Nemo, Tiger and a foster kitten (he just got adopted yesterday!)

Laser eyes!









Tiger is partially blind. He was born like that. He can see light and dark, but other than that nothing much. When he gets really hyper and excited, he tends to run into walls. 8O

















Nemo is a floppy little demon. He doesn't like having his belly rubbed, and when he doesn't like something, he bites. He doesn't mind being picked up as long as his belly isn't facing up, but i do it anyway and he quickly forgets his tantrum when I poke his tail in his face and he happily chews and licks it XD


----------



## marie73 (Jul 12, 2006)

Very cute!


----------



## MowMow (Nov 6, 2010)

LOL. I love him chillin' in the car. That's awesome.


----------



## verulin (Jan 18, 2011)

XD that's because of the sun patch. I swear, other than catnip, the sun is a kitty drug


----------



## Jan Rebecca (Oct 14, 2010)

I love the one with all three on the ladder - too cute! They are all beautiful cats.


----------



## OctoberinMaine (Sep 12, 2006)

Great pictures! They look very happy on that ladder.


----------



## Susan (Mar 29, 2010)

They're lovely. I too like the ladder pictures. Congratulations on finding a new forever home for your foster!


----------



## verulin (Jan 18, 2011)

Susan said:


> They're lovely. I too like the ladder pictures. Congratulations on finding a new forever home for your foster!


thanks  this kitten's and a previous foster kitten's adopters were willing to drive all the way from their state/town just to pick them up. Seriously, I'm amazed by them.


----------



## Time Bandit (Aug 17, 2010)

Such pretty kitties you have! Nemo looks like a little mischief maker. And I could cuddle Tiger up, he looks so soft and sweet.


----------



## Greenport ferals (Oct 30, 2010)

I love Tiger. And look at those ears on Nemo.
Pretty cats.


----------



## kittywitty (Jun 19, 2010)

Awww they are all so cute and precious!


----------



## verulin (Jan 18, 2011)

here's another shot of both of them









and this is Nemo reeeaaaallyyy chilling out


----------



## love.my.cats (Jan 29, 2009)

Awww. I love the ladder pic, and the last one you just posted of them snuggling.


----------



## verulin (Jan 18, 2011)

Tiger always becomes Nemo's pillow, and Nemo becomes Tiger's blanket XD


----------



## Susan (Mar 29, 2010)

verulin said:


> thanks  this kitten's and a previous foster kitten's adopters were willing to drive all the way from their state/town just to pick them up. Seriously, I'm amazed by them.

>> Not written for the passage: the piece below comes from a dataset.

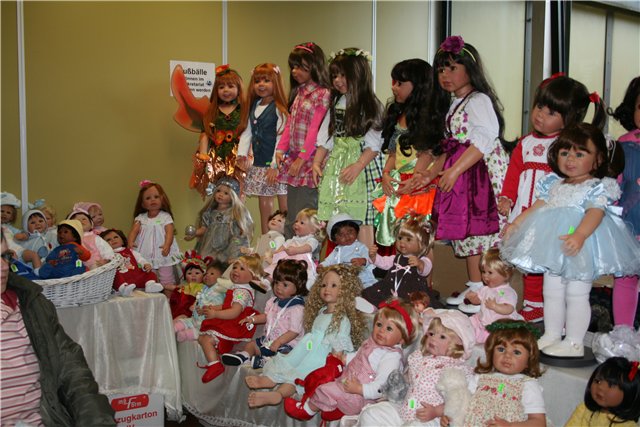 Выставка кукол Eschwege 2011 в Германии, Эшвег. Часть 2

That's great. When someone goes to that much trouble, you can take some comfort that the kitten is going to a good home.

I like your additional pictures, especially the snuggly one!


----------



## kittywitty (Jun 19, 2010)

verulin said:


> here's another shot of both of them
> 
> 
> 
> ...


Tooooo Cute, I love the way they snuggle together!!! I wish my two kitties would do that.:kittyturn


----------



## verulin (Jan 18, 2011)

since everyone seems to really like the snuggle pics, I went digging and found moar!


























and I just took this last night. It's one of those rare moments when Nemo becomes the pillow XD


----------